About an hour into our visit we all walked over to to a laser challenge near the counter. Finley asked to go in with her sisters and then they were gone. They disappeared into the darkened room of lasers, the object being to pass through the tangle of light without touching the rays. A screen outside the room allowed us to watch, Finley quickly came back out shaking her head. “Instead, I’ll just watch,” she said as she snaked an arm between my legs and rested her head against my hip. I smiled, I don’t mind having someone who still feels more skittish than bold in the face of big kid adventure.
Briar zipped through the maze with ease, while Avery would move through and drop her back foot on the laser each time, eliciting a flashing light and screeching sound from a device in the corner. Briar and Avery have been like this since they were about 4 and 6. People would mistake then for fraternal twins, as Ave has always performed like she is older than she really is. Generally it’s these tests of precision that remind us she is only 6, not nearly nine. They burst through the black velvet curtains with huge grins, no competitive heckling. I felt myself puff up, my three girls, each so different in both abilities and interests, all getting along.
“Oooh, mom. I have to go to the bathroom,” Finley squealed as she dramatically pantomimed holding it in, knees locked together, elbows out and a look of panic on her face. I walked to the counter, “Excuse me, can you tell me where the bathroom is?” The man looked at me and said, “We don’t have any for the public. You have to cross the street and go to the visitor center.” I flared, I had made the assumption that a place intended for kids and families would have a bathroom. “Are you serious?” He looked at Finley, then back at me, “Yes.” I waited thinking surely he’d make an exception.

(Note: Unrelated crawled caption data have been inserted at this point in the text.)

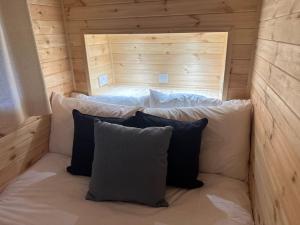 een bed in een houten kamer met 2 kussens bij Foundry Farm Arch in Bellingham
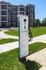 Modern apartment complex with eco-friendly electric vehicle charging station, lush green surroundings, and elegant architectural design.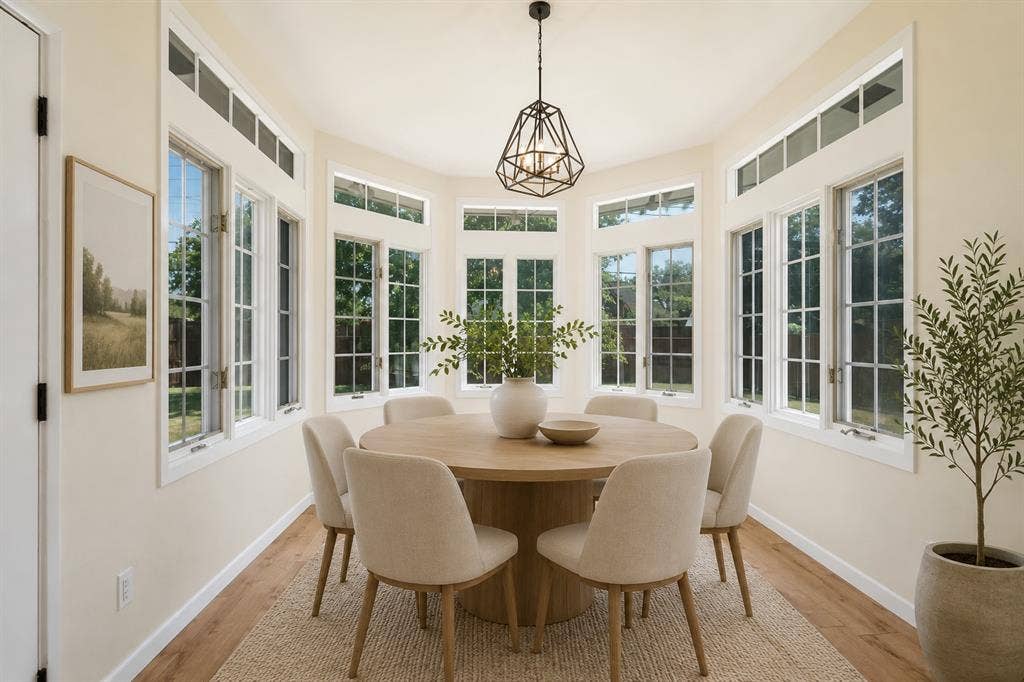 Bay window design featuring multiple transom windows, wood-finish flooring, and a contemporary light fixture (Virtually staged)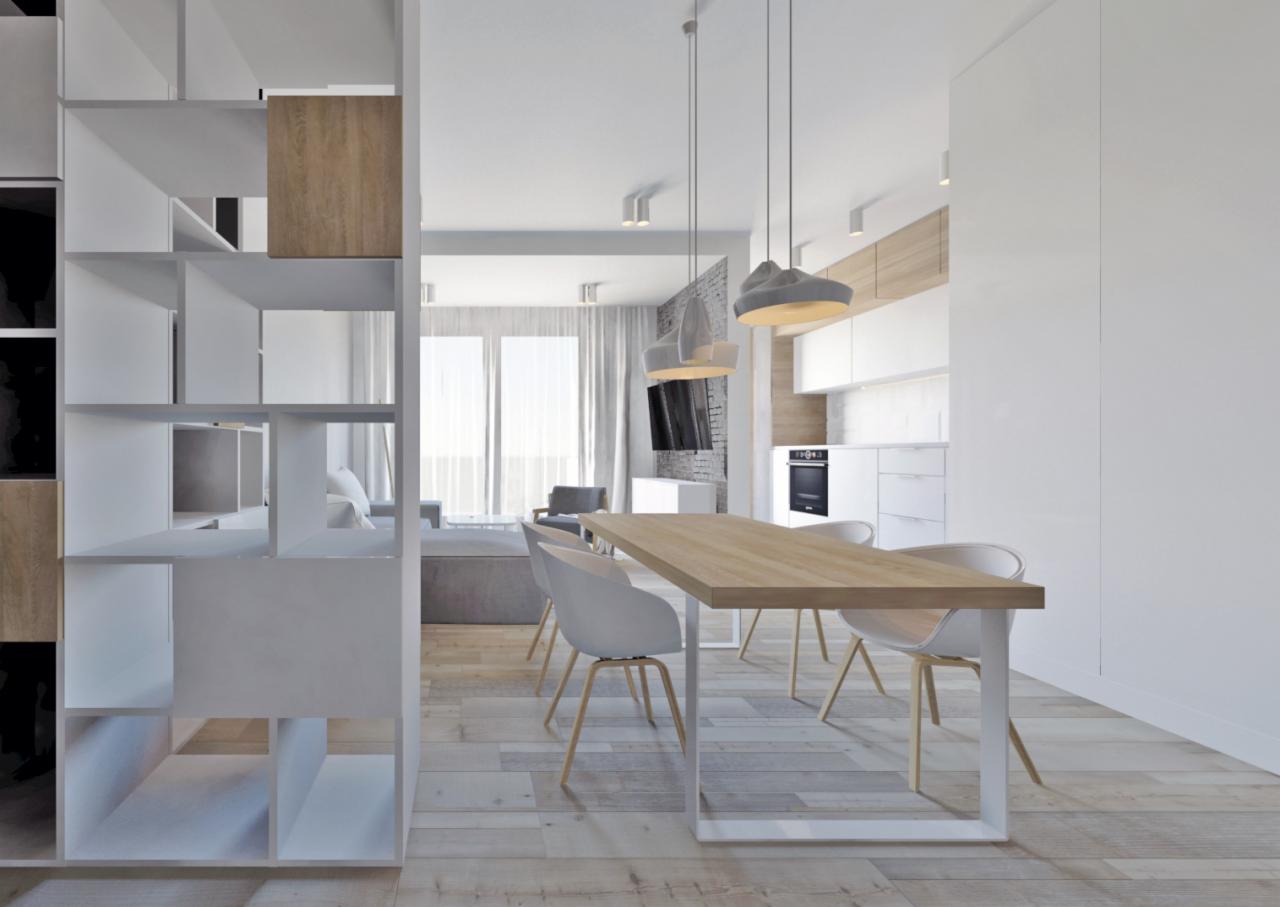 Jasne, przestronne wnętrze mieszkania we Wrocławiu z drewnianym stołem, białymi krzesłami i regałem z półkami w odcieniach bieli, szarości i drewna, widok na salon z szarą sofą i kuchnię z białymi...
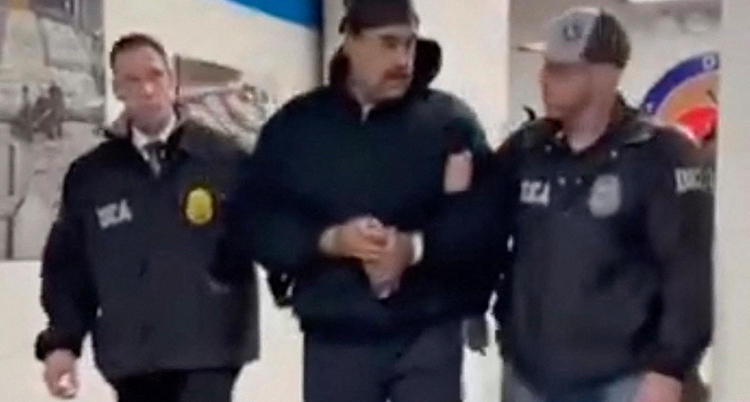 De går på varsin sida av Maduro. Maduro har mössa och svarta kläder.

Nothing. “Are you sure they’ll be open?” He nodded, “Oh yeah, definitely.”
I stepped away and said to Finley, “Let’s go.” She put on her coat and made not a peep. When we got outside I scanned the street for a restroom sign. We stood on the corner of the street, there was no crosswalk and the lines of the intersection did not follow a clear pattern. Cars whizzed by and I was clucking my tongue at how we’d gone from the arcade to a real life game of Frogger. I watched the light and it never seemed to land in our favor so when I spied a break in traffic we darted across. Finley giggled beside me. “Let’s skip. Skip with me, mama.” We skipped down the sidewalk and bounded up a set of stairs passed a group of ice fishermen smoking on the deck.
We made our way into the frigid bathroom. “Wow, I’ve never seen a silver toilet before, have you?” Finley asked, her forehead a bundle of inquisitive wrinkles. “No, sweets, I haven’t.” We went about our business, washed our hands in freezing water and waved our hands beneath weak dryers. As we made our way back to the arcade, alternately skipping and sashaying, we tried catching snowflakes on our tongues. I smiled in spite of myself.
“I’m sorry we had to come all the way across the street in the cold to go to the bathroom, Fin.”
She stopped, squeezed my hand and said, “Well mom, that’s just the way it is. ‘Cept we did get to see a silver potty and skip together, so actually, I am kind of glad they didn’t have a bathroom at the…what’s it called again?”
“An arcade,” I said.
“Right, at the arcade. Did you want to skip with me again?” She looked up at me as a snowflake landed with a wet splash on her eyebrow.
I looked at her face, drinking in the way the cold air had kissed her cheeks with color, the way the tendrils of hair fall against her skin like surf. She held my gaze and skipped once in place.
“Of course I want to skip with you again.” We held hands and crossed the suddenly empty street. The snowflakes were impossibly fluffy as they peppered the way before us. Once again I was sobered by just how easily my girls can show me that there is genuine magic in the way it isif you are willing to be open to it.
Do you allow yourself to be open to magic?